DATA SHOWN:
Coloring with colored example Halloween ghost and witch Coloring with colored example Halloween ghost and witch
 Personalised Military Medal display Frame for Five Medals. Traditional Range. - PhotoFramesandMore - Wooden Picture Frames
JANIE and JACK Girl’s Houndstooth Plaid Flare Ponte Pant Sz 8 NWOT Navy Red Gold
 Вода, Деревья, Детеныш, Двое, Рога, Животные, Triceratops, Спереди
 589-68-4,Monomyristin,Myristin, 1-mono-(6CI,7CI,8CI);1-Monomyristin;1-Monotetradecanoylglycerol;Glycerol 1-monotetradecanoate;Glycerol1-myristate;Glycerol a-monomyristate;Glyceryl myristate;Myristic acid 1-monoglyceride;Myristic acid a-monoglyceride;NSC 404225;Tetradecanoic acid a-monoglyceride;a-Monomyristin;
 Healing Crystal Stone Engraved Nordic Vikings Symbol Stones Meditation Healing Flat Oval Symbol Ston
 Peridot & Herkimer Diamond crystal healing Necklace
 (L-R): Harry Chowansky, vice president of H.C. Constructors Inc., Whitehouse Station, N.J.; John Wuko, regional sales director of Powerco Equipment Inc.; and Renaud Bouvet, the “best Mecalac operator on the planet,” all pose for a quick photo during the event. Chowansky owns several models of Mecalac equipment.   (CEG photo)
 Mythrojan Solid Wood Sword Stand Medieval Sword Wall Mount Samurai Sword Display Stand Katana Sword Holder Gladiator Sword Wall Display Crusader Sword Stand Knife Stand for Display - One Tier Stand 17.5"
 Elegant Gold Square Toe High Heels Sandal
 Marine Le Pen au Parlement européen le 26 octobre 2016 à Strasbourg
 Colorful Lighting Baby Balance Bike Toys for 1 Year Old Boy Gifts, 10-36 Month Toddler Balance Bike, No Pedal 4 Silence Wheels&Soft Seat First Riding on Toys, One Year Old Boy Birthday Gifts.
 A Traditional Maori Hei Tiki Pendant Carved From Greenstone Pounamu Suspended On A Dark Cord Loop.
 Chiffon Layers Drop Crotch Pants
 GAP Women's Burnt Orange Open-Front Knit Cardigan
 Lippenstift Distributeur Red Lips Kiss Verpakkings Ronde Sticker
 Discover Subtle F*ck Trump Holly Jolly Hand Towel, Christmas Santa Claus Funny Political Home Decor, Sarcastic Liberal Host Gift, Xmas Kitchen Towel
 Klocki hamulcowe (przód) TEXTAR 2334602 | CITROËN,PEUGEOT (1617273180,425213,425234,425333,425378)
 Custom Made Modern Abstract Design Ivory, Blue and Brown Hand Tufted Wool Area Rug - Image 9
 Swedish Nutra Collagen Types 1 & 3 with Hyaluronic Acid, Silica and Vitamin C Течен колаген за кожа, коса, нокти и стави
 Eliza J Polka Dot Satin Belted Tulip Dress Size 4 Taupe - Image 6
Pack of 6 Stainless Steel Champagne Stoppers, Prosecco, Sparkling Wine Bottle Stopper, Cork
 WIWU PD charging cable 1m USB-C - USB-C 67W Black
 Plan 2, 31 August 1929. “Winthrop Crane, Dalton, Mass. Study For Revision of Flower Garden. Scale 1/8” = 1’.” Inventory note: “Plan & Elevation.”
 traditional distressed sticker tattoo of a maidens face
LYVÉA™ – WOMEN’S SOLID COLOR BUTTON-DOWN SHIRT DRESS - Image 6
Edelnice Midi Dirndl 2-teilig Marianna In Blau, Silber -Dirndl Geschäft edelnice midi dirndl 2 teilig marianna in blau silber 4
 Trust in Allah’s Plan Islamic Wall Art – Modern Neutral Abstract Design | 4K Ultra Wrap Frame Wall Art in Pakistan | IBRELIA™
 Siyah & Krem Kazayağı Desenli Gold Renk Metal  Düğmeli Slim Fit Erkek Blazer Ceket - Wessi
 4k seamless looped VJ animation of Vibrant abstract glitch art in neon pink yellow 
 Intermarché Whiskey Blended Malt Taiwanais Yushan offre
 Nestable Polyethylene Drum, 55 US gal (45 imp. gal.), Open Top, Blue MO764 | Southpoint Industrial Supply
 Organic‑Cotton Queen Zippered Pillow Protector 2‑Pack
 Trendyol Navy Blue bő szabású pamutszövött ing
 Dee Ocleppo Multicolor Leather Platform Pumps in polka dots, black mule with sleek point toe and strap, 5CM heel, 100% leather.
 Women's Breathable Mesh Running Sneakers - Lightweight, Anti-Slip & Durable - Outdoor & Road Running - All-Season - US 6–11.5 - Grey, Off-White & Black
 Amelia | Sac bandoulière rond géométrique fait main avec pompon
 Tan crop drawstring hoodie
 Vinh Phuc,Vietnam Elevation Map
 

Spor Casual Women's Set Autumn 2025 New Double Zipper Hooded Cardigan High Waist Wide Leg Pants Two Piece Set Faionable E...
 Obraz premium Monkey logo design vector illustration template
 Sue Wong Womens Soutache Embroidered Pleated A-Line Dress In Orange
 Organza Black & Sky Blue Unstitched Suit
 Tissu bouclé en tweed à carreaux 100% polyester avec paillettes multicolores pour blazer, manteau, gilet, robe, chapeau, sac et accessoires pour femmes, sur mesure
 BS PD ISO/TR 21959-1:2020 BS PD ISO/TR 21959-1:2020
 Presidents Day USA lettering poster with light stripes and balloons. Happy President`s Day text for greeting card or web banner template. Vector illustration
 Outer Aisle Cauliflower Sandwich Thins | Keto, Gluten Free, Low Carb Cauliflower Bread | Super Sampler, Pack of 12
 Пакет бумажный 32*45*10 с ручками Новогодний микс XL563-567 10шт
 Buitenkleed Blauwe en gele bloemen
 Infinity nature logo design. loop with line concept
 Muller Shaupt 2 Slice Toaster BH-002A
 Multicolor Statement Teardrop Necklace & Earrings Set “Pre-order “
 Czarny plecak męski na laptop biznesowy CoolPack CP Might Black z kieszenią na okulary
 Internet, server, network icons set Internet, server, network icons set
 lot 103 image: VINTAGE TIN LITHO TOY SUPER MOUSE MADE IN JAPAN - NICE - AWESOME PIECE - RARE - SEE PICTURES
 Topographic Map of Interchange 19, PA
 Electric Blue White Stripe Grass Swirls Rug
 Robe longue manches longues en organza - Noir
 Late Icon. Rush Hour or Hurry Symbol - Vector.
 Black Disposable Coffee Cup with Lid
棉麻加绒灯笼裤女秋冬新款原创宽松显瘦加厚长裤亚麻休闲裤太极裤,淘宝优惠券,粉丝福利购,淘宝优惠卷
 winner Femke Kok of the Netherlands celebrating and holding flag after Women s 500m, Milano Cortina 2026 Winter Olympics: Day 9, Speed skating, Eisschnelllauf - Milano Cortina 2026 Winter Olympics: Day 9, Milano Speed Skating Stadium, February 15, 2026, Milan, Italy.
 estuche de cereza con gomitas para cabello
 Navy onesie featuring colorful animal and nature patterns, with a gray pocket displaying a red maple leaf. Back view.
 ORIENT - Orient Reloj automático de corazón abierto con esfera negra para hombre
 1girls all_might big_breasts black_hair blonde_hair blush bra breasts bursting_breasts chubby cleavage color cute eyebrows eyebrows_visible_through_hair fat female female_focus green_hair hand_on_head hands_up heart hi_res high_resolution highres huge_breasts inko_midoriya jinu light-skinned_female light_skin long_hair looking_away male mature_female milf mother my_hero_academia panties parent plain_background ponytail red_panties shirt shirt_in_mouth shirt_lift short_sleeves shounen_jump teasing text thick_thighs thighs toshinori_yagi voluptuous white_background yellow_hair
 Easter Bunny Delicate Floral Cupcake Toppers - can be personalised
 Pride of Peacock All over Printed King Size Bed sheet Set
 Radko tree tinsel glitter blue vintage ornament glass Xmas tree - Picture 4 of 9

TASK DESCRIPTION: Give back exactly the lines from the one containing "1girls all_might big_breasts" through the last line of the records.

REPLY TO THE TASK:
 1girls all_might big_breasts black_hair blonde_hair blush bra breasts bursting_breasts chubby cleavage color cute eyebrows eyebrows_visible_through_hair fat female female_focus green_hair hand_on_head hands_up heart hi_res high_resolution highres huge_breasts inko_midoriya jinu light-skinned_female light_skin long_hair looking_away male mature_female milf mother my_hero_academia panties parent plain_background ponytail red_panties shirt shirt_in_mouth shirt_lift short_sleeves shounen_jump teasing text thick_thighs thighs toshinori_yagi voluptuous white_background yellow_hair
 Easter Bunny Delicate Floral Cupcake Toppers - can be personalised
 Pride of Peacock All over Printed King Size Bed sheet Set
 Radko tree tinsel glitter blue vintage ornament glass Xmas tree - Picture 4 of 9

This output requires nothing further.